Between 1.1 million and 1.5 million people were killed at the camp.

“We should have bombed it,” Bush said, according to Shalev.

Bombing makes everything all better, if you do it because you’re a good person fighting evil.

I mean, seriously, it’s conceivable that bombing a camp could have resulted, in the end, in less suffering in total, assuming the Germans didn’t just build new camps or take to shooting Jews instead of working them to death or gassing them. It’s not utterly irrational. It was considered at the time as a possible strategy.

But I do find it scary that the President’s response to a one of the world’s great horrors is to think “we should have bombed it.”

When all the President’s got is a hammer… he can even look at Auschwitz and see a nail.

Ron Paul’s Past: Yeah, It’s That Bad, But It Won’t Matter

There had been concern about Ron Paul’s ideological past among the more suspicious liberal netnerds for some time. Inbetween terms in Congress, he published a newsletter which mostly circulated amongst violent far-right white supremacist militia types. The only copy of that which had been made available to the public — one of the subscribers had posted it on Usenet years back — was conspicuously racist. But hey, it’s just a usenet posting, and maybe it was a hoax or maybe, as Ron Paul’s own people said, it was not actually written by Paul, but by somebody else who was writing for him at that time. A fluke. Somebody was at the wheel who shouldn’t have been and made Paul look bad in that one instance.
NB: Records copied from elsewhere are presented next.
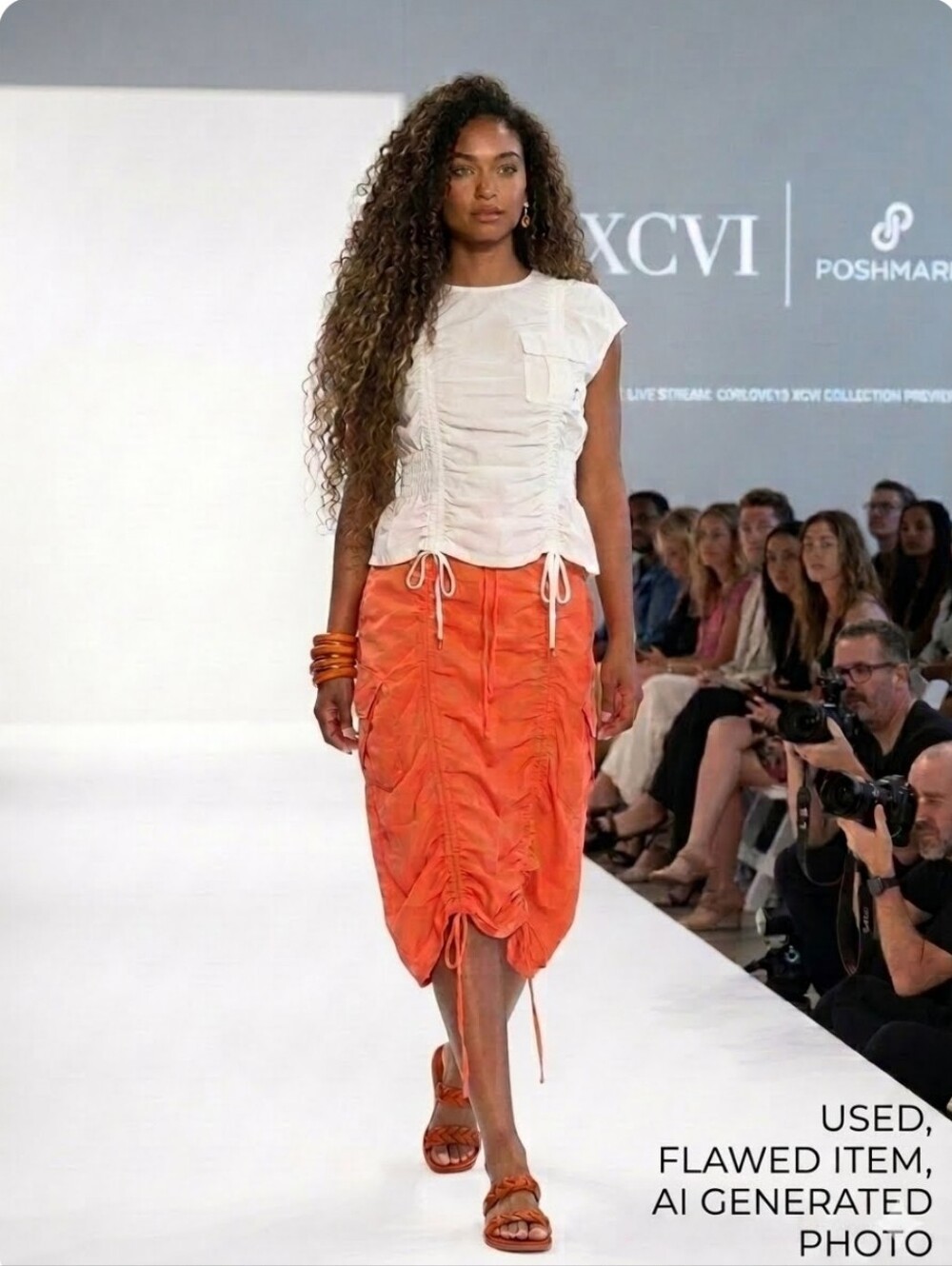 XCVI Orange Drawstring Skirt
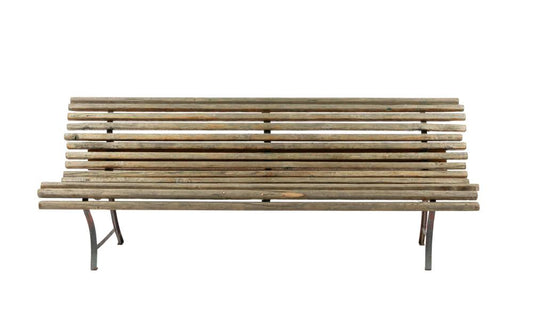 Vintage French Wooden Slat Outdoor Bench from Provence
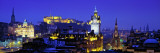 Buildings Lit Up at Night with a Castle in the Background  Edinburgh Castle  Edinburgh  Scotland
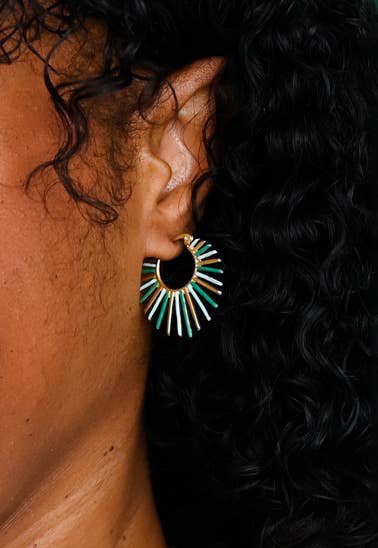 Radiant Rise Hoops in Mint - Recetas Fair Trade
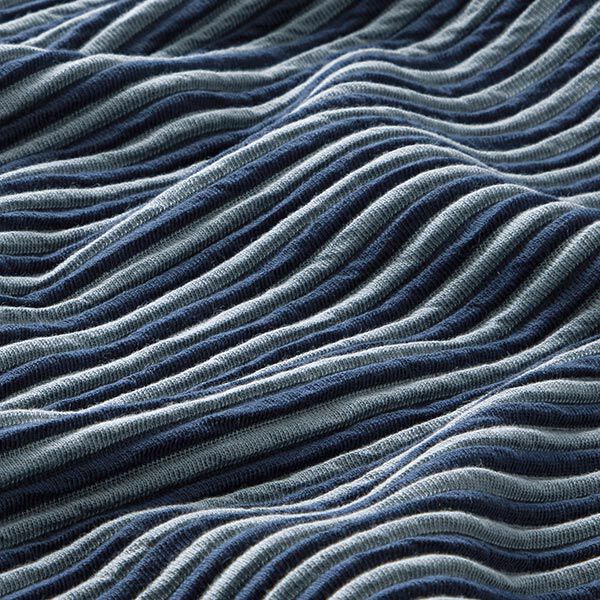 Stickat tyg cloqué Tvärränder – marinblått/grått,  image number 2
Well it ain’t a fluke. A reporter from the New Republic finally tracked down a large cache of Ron Paul Newsletters, and they were all in that vein. Blatantly racist, anti-Semitic, homophobic, supportive of violent uprisings against the government, nostalgic for the Confederacy and agitating for a new secession. Year after year after year. If, as RP still claims, he never saw this stuff and doesn’t agree at all with it, it is strange indeed that for years and years he allowed it to be distributed under his name. Strange indeed.
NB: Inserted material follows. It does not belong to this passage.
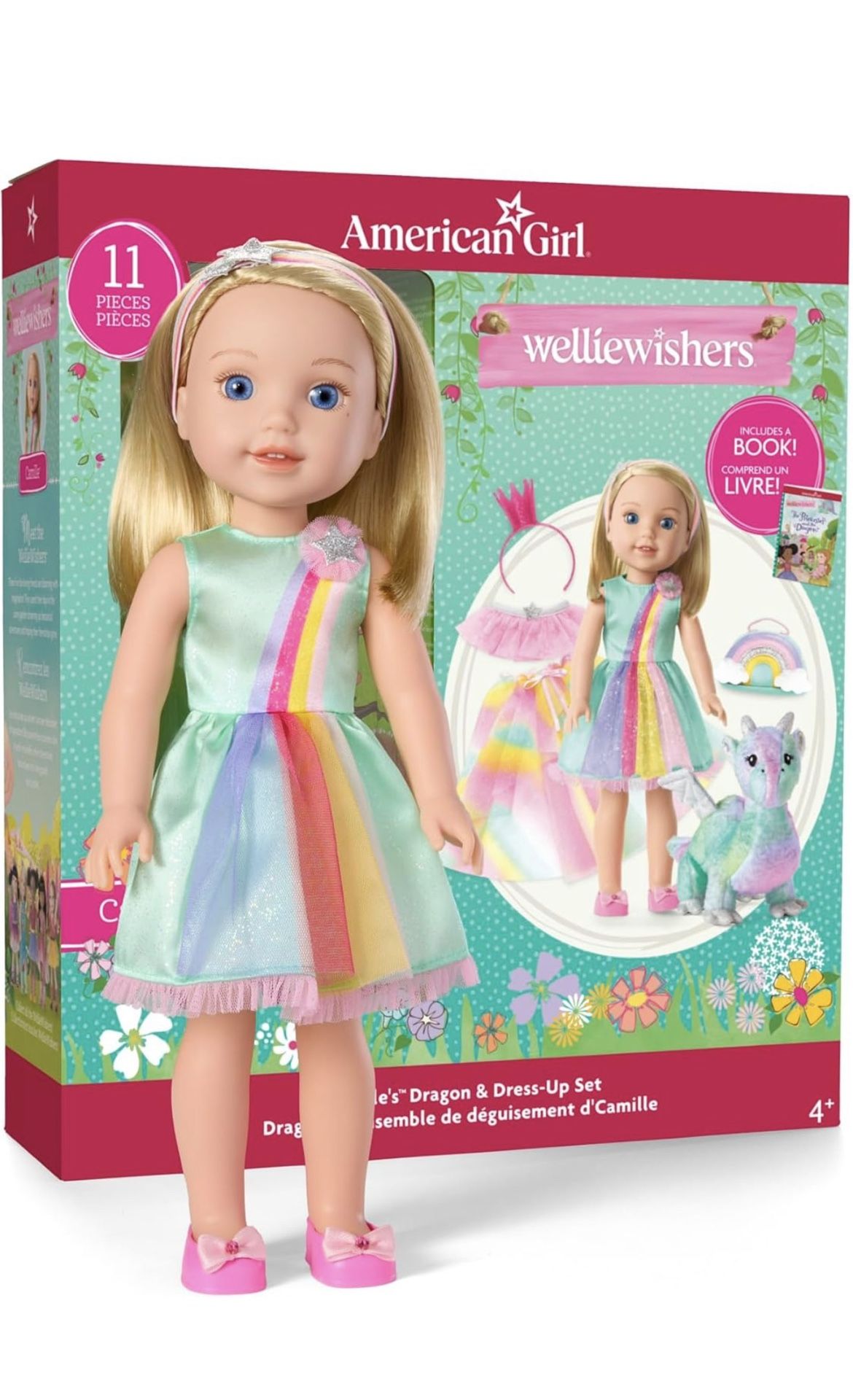 American Girl WellieWishers 14.5-inch Camille Doll Playset with Crisella The Dragon, Doll Dress and Accessories, and Storybook, for Ages 4+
Will this sink his popularity with libertarian computer nerds?

I don’t believe it will for a minute. If you read the news sites frequented by libertarian computer nerds, you’ll find that a lot of them are quietly bigoted themselves. You know how last year James Watson got drunk and started babbling racist pseudoscience to reporters? They ate that right up. Loved it. The violent stuff? They’re cool with that. They’re cast in the mold of Eric S. Raymond, gun nerd and twitchy threat-maker extraordinaire. The homophobia? I don’t know that they’re specifically homophobic but they’re often rampantly sexist (another matter which affect the selection of articles on their news sites) — they tend to be obsessed with the “discrimination” suffered by straight white males, and resentful of the Political Correctness which makes it impolite to express open bigotry.
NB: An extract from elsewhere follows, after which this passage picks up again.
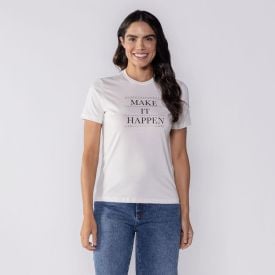 Camiseta Feminina Com Strass Patricia Foster Off White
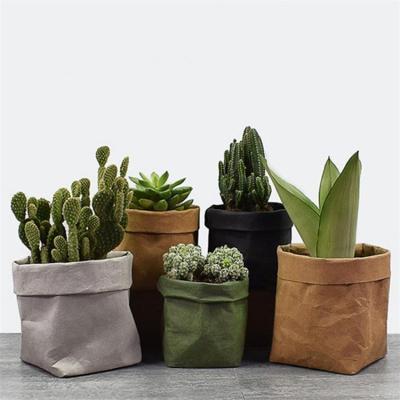 China Recycled Materials Wholesale Flower Pot Organizer Pouch Storage Plants Flowerpot Paper Bag, Washable Craft Kraft Paper Bag for sale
In short, I don’t think that this will cost Ron Paul much of his audience at all. I don’t think most of them will find this side of him objectionable. In fact, the only revelation about Ron Paul that has consistently shocked many of them is that he is a creationist, and they’re largely atheists and seethe with contempt for any religious person except Ron Paul, most especially creationists. Racist, anti-Semite, homophobe? Whatever, just keep it quiet. Creationist? Eew, that makes them squeamish! But only a little squeamish.

Tthe evidence dug up by TNR is damning. There is no way he could consistently allow that stuff to be published in his name over a decade or more, whether or not he wrote it himself, unless he approved of it. That is just unbelieveable. Ron Paul has a history of approving of blatant racism, anti-Semitism, homophobia, and right-wing militia violence. That is undeniable.

Will the Ron Paul nerds care?

No. I predict they will not care one bit. He will remain their hero — and perhaps become a bit more of a hero, for daring to say what you can’t say (except quiety. to your Aryan militia friends).

UPDATE: Michael thinks that my pessimism about libertarian nerds is unwarranted; possibly my opinions have been skewed by hanging around reddit too much, where the worst of the worst rule.  That’s cool.  It’s great when pessimistic predictions turn out to be wrong.